By 1979, Qadhafi apparently became dissatisfied with revolutionary progress and stepped up the pace of the revolution itself. He resigned from the GPC and suspended the country's laws, while announcing at the same time that Islamic law was no longer appropriate for modern societies. His solution was to offer the Green Book as a guide for the Libyan legal system. His rule continued to generate opposition, which Qadhafi either channeled into harmless expressions or quashed with security forces. He insured that the Libyan military would not emerge as a locus of opposition by repeatedly reorganizing and reshaping it into a kind of popular force (which may explain its woeful performance in Chad, as discussed in Kenneth Pollack's Arabs at War).

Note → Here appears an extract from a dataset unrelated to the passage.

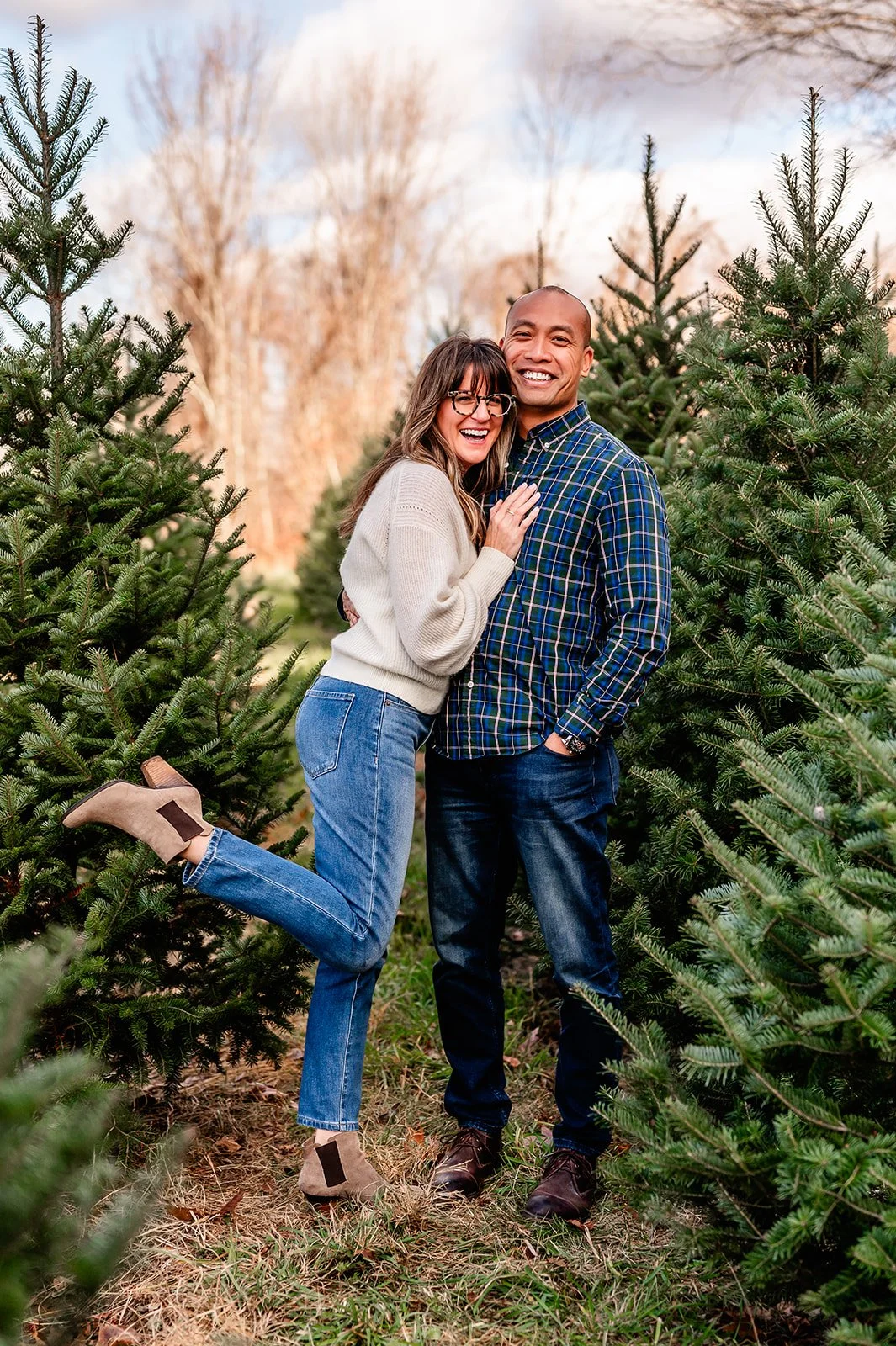 A couple poses together on a Christmas tree farm in New Hartford Connecticut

Qadhafi's revolution also elicited external opponents, primarily the United States after the Reagan election of 1980. Reagan accused Libya of supporting numerous international terrorist groups and denounced Qadhafi as the "mad dog of the world," though Qadhafi used the language to enhance his own image as a revolutionary leader. American actions moved beyond words in 1981, when U.S. fighters shot down two Libyan fighters over the Gulf of Sirte, and in April 1986, when U.S. fighter bombers attacked targets in Libya in retaliation for alleged Libyan involvement in a terrorist bombing of a disco in Germany. The bombing inflicted little significant damage other than to kill Qadhafi's adopted daughter, though the resulting shock possibly helped to slowly reverse the course of Libya's revolution. Western sanctions against Libya, combined with growing isolation from the rest of the Arab world (Saudi Arabia broke with Libya over oil policy), initially deepened Libya's involvement with international terrorism. However, the bombing of two civilian airlines in 1988 and 1989 deepened sanctions and, coupled with the illogic of the Jamahiriyya's running the economy, fueled a return of internal dissent against Qadhafi. Losing public face, Qadhafi lashed out against the very committee structure he had created, but he also recognized that he needed to execute a course correction, and began a cautious liberalization policy. The reforms that began in 1987 allowed for a certain level of infitah (openness), permitting self-management enterprises stripped of state subsidies, a return to private retail trade, and the opening of tourism. However, average Libyans saw the reforms as a reduction in subsidies, and, for Qadhafi, the necessity of reform conflicted with the loss of tools he had used to control the country. It is unclear whether the reforms would have improved Libya's economy in the face of strict economic sanctions, but Libya's decision to hand over the Lockerbie suspects to international trial in April 1999 began the path to reduced international economic pressure on Libya and a slow return of economic growth.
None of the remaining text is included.